In The Pursuit of Knowledge

When I was about 7 years old I had the experience of going out to fetch the newspaper early one morning at the very end  of summer. I returned to the kitchen with a big smile on my face:" It smells like it's time to go to school outside," I exclaimed to my mother. What my nose experienced, but my 7 year old vocabulary could not express, was that the air smelled that cool, crisp aroma of the promise of Autumn that is a sure sign the first day of school is very near .I still use that expression with my kids and grandkids: "It smells like it's time for school out there," I will tell them as we make plans for shopping trips to obtain the necessary new backpacks, lunch bags and school supplies.

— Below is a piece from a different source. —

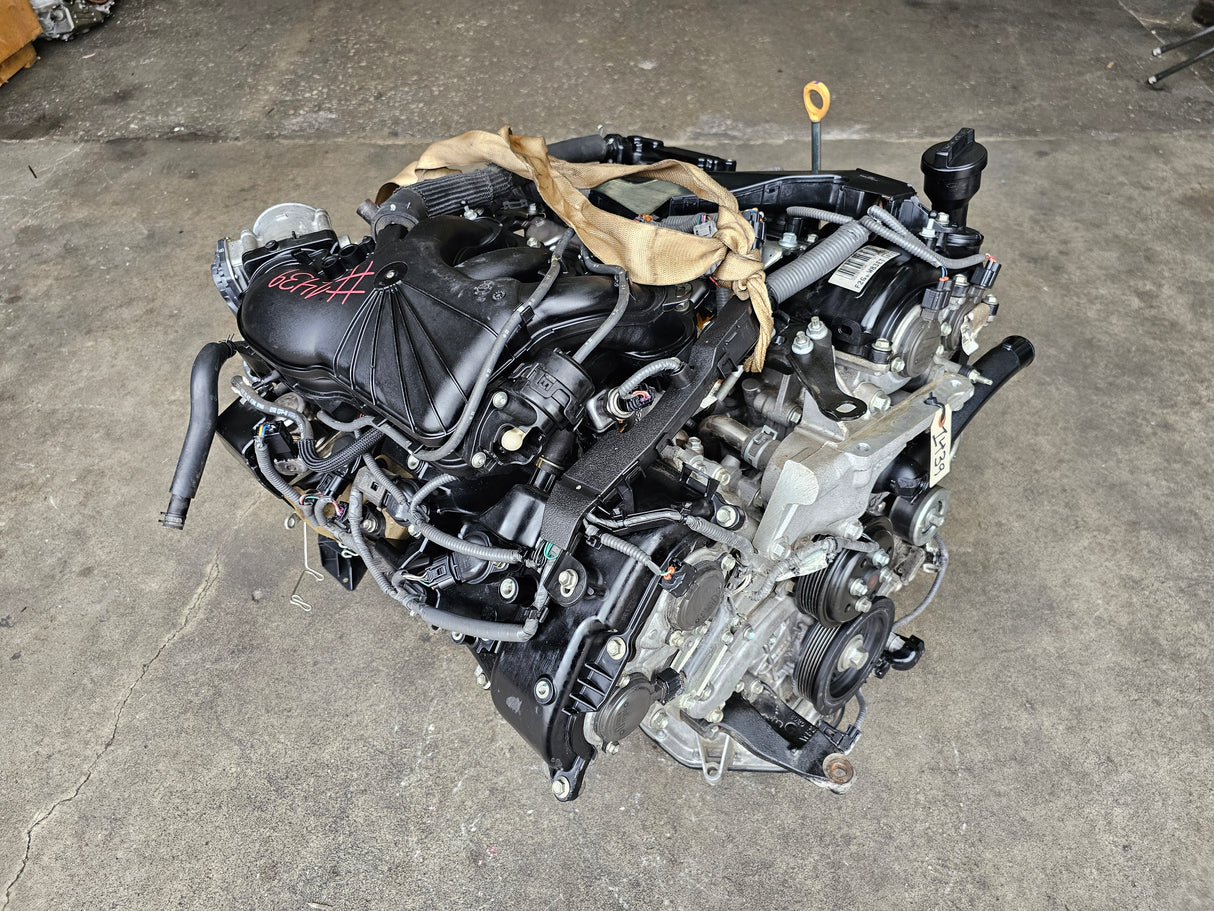 JDM Toyota Highlander 2017-2019 2GR-FKS Non-Hybrid 3.5L V6 Engine Only / Stock No:1439 - Toronto Auto Parts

I loved school. I was born wanting to know "why," and, "how?" I'm still asking those same questions, just on a bigger scale. I don't think I'll ever stop asking nor would I want to. That's why every year around this time I pick a subject or conceive of an idea and make it my "school project" for the year. I treat myself to a brand new notebook, it's pages bare and white, just waiting for the first stroke of my pen; a bunch of really cool pens, and a box of pencils which I sharpen immediately and place standing like soldiers in the cup on my desk that says, " I Love Grandma" as they await their orders (what better sensory memory of the first day of school than the smell of freshly sharpened pencils?).

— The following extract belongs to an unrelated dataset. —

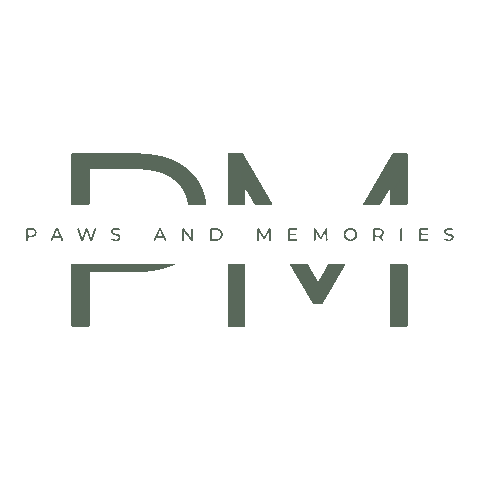 Paws and memories Sticker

One of the gifts of growing older is finding oneself with free time that we didn't have before the chicks left the nest and our lives suddenly became our own for the first time in years. Here, now, is the opportunity to explore and to learn. What are you curious about? What makes you want to ask "why," and, "how?" I've studied everything from quantum physics and the God Particle to re-learning how to knit. Last year I took on the huge task of reading A Course In Miracles and doing the workbook. If you don't know what this is, I suggest you Google it and be prepared to lose yourself in the story of how this philosophy for a life filled with love and joy came into being. I am told that there are people who have spent decades studying this book and I can tell you that I will be picking it up again this year. In addition, I have decided to learn all there is to know about nutrition and alternative ideas about how we should eat. I am especially interested in foods that combat inflammation, going wheat free and dairy free, and why people who lived their lives on the Mediterranean Diet live to such ripe old ages with more energy than I had at 30.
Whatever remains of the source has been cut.